Some people think that we have fixed on 8 hours of sleep at night as an arbitrary figure to which we adhere blindly, and that if we consistently have less then we feel deprived even if no harm is being done.

As Dale Carnegie said,

" It's the worry that gets you, not the lack of sleep."

That may be true up to a point, for mild, intermittent insomnia, but persistent lack of sleep is a very different situation.

Stephen King, in his novel, "Insomnia", vividly describes the peculiar kind of torture that insomnia brings:

"He was tired, yes-more deeply and fundamentally tired than he had ever been in his life- but being tired and being sleepy, he had discovered, were sometimes poles apart. Sleep, that undiscriminating friend, humankind's best and more reliable nurse since the dawn of time, had abandoned him again."

"Then, shortly after three o'clock, that pleasant drowsiness began to disappear. It did not go with a champagne-cork pop but rather seemed to ooze away, like sand through a fine sieve or water down a partially clogged drain."
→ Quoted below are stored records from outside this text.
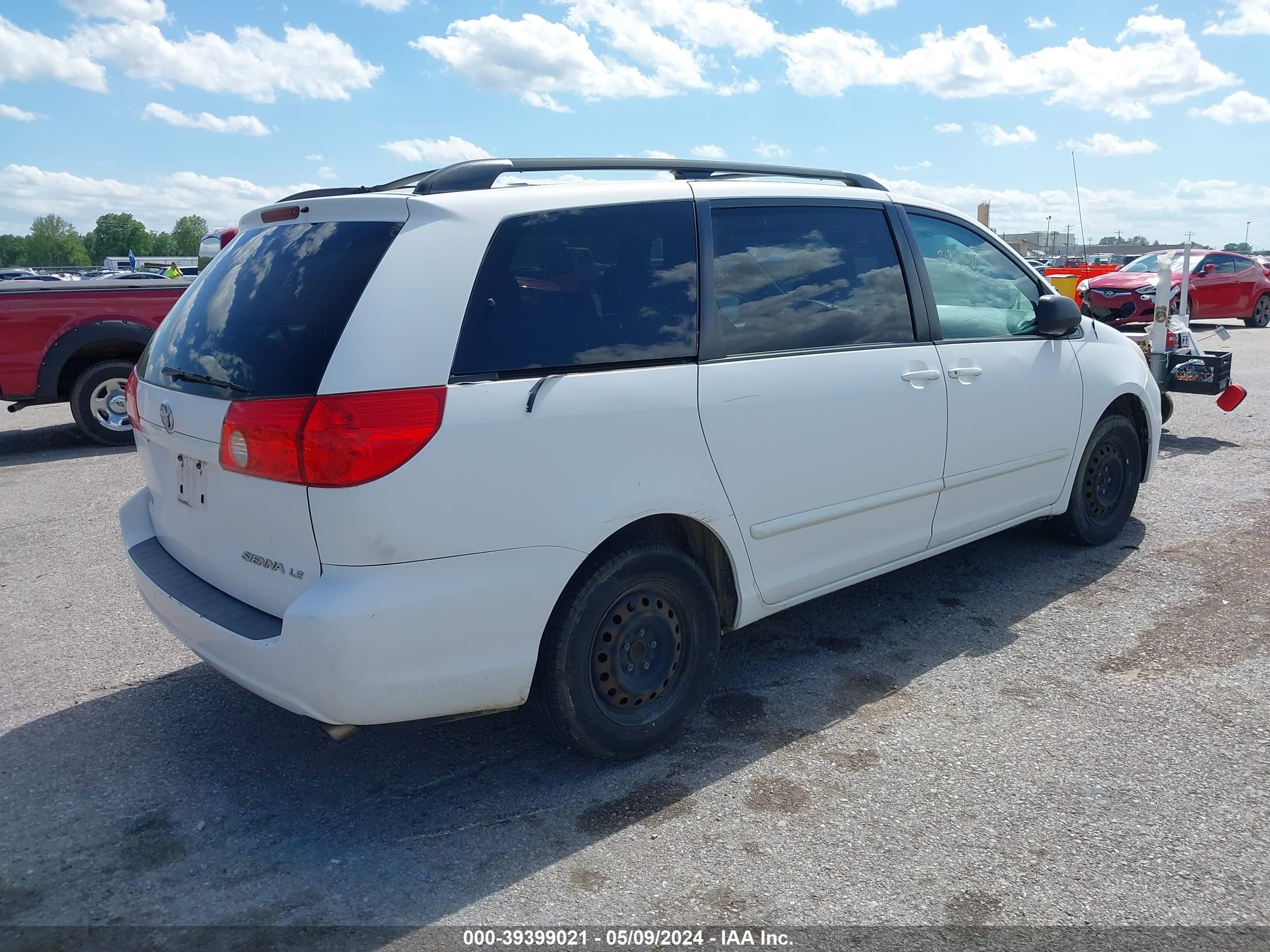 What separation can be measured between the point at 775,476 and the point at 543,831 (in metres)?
1.45

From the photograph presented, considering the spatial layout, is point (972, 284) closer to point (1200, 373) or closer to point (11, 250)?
point (1200, 373)

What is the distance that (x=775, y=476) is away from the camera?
365 cm

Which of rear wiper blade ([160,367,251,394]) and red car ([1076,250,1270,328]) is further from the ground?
rear wiper blade ([160,367,251,394])

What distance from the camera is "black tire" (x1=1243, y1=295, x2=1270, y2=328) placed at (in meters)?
21.2

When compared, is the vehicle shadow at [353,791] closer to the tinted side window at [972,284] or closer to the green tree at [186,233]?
the tinted side window at [972,284]

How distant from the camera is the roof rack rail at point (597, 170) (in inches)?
125

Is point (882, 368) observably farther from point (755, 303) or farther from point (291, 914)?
point (291, 914)

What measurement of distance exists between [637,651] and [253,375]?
1.50 metres

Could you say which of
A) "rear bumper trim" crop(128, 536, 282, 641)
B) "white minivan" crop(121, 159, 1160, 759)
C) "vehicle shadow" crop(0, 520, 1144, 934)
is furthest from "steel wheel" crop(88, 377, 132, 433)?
"rear bumper trim" crop(128, 536, 282, 641)

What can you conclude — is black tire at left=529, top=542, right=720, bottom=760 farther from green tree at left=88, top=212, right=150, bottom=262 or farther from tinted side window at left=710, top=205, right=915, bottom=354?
green tree at left=88, top=212, right=150, bottom=262

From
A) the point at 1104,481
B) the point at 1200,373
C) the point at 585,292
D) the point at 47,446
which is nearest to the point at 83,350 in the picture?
the point at 47,446

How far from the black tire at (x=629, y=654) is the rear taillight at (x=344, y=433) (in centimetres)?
73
"That creeping sensory numbness and the erosion of his decision-making capabilities were not the only problems he had come to associate with insomnia; his short-term memory had also begun to slip."
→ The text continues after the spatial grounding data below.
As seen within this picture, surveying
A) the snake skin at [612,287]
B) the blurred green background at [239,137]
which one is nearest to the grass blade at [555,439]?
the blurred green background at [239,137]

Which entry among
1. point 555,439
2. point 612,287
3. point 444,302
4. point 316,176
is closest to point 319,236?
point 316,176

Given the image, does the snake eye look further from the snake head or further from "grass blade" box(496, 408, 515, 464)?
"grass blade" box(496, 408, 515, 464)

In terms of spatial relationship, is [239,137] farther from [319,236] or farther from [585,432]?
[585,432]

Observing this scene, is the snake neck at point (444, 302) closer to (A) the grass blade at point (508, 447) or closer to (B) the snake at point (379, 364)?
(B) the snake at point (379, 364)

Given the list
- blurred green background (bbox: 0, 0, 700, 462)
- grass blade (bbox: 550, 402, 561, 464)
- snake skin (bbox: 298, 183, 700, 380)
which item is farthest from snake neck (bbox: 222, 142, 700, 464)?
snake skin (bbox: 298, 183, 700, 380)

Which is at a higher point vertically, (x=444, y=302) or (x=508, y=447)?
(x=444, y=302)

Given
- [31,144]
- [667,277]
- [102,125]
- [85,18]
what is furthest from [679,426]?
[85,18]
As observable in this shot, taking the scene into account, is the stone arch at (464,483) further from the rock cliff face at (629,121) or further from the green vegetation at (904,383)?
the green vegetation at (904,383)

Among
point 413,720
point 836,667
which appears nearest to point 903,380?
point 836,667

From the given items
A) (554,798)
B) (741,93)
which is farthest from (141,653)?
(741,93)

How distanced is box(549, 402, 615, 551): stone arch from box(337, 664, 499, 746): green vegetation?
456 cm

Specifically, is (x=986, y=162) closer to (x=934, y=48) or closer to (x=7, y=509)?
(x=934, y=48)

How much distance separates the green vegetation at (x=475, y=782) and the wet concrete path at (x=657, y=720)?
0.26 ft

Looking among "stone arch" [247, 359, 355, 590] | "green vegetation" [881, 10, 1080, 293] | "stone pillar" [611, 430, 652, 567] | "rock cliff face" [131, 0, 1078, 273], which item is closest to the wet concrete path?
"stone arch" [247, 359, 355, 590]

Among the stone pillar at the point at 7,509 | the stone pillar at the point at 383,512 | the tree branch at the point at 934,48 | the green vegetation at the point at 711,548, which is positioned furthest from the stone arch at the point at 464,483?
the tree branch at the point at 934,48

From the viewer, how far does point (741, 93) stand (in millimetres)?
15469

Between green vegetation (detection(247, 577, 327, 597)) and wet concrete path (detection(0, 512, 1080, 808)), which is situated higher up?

"By four o'clock Ralph's bed had become hateful to him, as it always did when he realized he could put it to no good use."

"I'm so tired I can't remember my own name."
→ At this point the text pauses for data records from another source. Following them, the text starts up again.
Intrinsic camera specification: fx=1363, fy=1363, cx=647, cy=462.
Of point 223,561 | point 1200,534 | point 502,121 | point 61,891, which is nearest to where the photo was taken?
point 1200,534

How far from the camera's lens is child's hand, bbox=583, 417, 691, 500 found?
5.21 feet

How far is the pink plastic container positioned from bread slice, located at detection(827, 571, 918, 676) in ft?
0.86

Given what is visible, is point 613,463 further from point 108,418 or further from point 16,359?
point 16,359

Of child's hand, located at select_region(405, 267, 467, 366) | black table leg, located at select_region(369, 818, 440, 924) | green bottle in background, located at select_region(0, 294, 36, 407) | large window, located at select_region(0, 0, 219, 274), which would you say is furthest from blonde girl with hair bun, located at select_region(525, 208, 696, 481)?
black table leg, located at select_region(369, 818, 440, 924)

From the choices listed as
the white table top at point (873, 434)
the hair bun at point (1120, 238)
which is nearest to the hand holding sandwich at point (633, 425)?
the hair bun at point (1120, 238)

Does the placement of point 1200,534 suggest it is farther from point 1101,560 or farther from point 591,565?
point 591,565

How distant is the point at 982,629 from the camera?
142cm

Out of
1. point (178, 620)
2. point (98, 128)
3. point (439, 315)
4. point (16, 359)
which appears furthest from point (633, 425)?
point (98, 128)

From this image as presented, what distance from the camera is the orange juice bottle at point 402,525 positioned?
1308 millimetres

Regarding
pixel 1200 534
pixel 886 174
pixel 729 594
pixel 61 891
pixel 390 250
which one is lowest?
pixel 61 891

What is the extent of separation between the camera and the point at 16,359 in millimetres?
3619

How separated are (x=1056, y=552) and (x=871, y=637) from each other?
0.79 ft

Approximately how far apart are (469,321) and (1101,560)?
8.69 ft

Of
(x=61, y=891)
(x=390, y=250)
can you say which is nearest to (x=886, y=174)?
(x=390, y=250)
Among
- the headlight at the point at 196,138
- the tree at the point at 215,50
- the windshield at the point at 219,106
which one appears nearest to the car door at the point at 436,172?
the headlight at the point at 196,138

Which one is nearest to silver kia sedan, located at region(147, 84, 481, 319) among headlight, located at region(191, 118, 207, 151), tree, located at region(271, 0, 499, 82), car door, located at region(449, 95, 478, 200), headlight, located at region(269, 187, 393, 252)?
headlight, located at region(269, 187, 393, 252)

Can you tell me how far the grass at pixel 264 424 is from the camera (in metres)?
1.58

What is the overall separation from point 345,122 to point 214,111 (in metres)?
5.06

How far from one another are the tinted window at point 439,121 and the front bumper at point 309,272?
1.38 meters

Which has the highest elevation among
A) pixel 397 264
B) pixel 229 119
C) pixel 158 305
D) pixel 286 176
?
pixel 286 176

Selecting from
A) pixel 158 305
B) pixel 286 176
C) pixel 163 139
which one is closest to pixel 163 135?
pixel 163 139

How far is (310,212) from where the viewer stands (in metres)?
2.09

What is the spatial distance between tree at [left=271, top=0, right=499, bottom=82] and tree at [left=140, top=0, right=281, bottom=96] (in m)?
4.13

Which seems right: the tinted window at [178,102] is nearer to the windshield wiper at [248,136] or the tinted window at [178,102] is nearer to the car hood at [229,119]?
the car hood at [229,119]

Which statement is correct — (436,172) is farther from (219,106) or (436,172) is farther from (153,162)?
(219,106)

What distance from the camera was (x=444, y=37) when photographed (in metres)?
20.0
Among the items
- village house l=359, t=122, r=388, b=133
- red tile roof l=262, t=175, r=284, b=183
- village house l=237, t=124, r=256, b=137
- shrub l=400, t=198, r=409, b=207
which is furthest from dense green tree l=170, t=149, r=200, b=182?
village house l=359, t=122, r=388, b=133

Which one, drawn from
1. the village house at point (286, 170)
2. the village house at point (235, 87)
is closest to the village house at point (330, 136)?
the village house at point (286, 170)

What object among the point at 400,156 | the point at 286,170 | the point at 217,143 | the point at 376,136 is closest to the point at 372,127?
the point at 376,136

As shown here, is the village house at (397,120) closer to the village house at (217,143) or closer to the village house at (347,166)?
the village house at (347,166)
"I'd go to bed at ten, fall asleep around four, get up at seven, and drag myself through the day feeling like a bit player in someone else's nightmare."

"That long Thursday morning and even longer Thursday afternoon taught Ralph Roberts a valuable lesson: not to sneer at three or four hours' sleep a night simply because he had spent his entire life under the mistaken impression that he had a right to at least six and usually seven. It also served as a hideous preview: if things didn't improve, he could look forward to feeling like this most of the time."

" He went into the bedroom at ten o'clock and again at one, hoping for a little nap- even a catnap would do, and half an hour would be a life-saver- but he could not so much as drowse. He was miserably tired but not in the least sleepy."

"Ralph's sleep had shrunk to roughly three hours and he had begun to feel quite a little bit like something on a slide under a microscope."

"There were times (usually sitting in the wing-back chair at four-thirty in the morning) when he swore he could actually feel his brains draining."

There is a film called Insomnia due for release in which Al Pacino plays a cop who arrives in a northern Alaskan town during the period of the midnight sun, so that he experiences perpetual daylight. This wreaks havoc on his body clock and prevents him from sleeping.

As the story develops, events cause him increasing psychological pressure, which in combination with his lack of sleep, have profound effects upon his decision-making ability. The film portrays his insomnia as a physical representation of his psychological struggle.

There is no doubt that we underestimate the damage impaired sleep can do. Paul Martin, in his recent book, "Counting Sheep", says that:

"Sleep deserves much more attention in science, medicine, education, social policy and, most of all, in our everyday lives."

As he remarks, sleep is taken for granted,

"an inglorious example of familiarity breeding contempt."

It is only when we lose the ability to sleep, that we appreciate its value : after all, we are likely on average to spend a third of our lives asleep, around 25 years!

We spend more time sleeping than on many other activities, and unlike other activity, we cannot ?save time' by getting someone else to do it for us, and if we cut down too much, the effect on our waking hours can be disastrous.

As many car accidents are caused by tiredness as by drink-driving. We can do without food for longer than we can do without sleep.

Modern society as a whole is chronically sleep-deprived. Since Edison gave us light ?on tap', our waking hours are no longer tied to natural rhythms of daylight and darkness. 

The margins are blurred and our 24/7 world puts us on a treadmill it can be hard to escape.

However, sleeplessness is by no means a new problem. Medical literature from the 19th. Century shows that sleeplessness and ?stress' were recognised problems.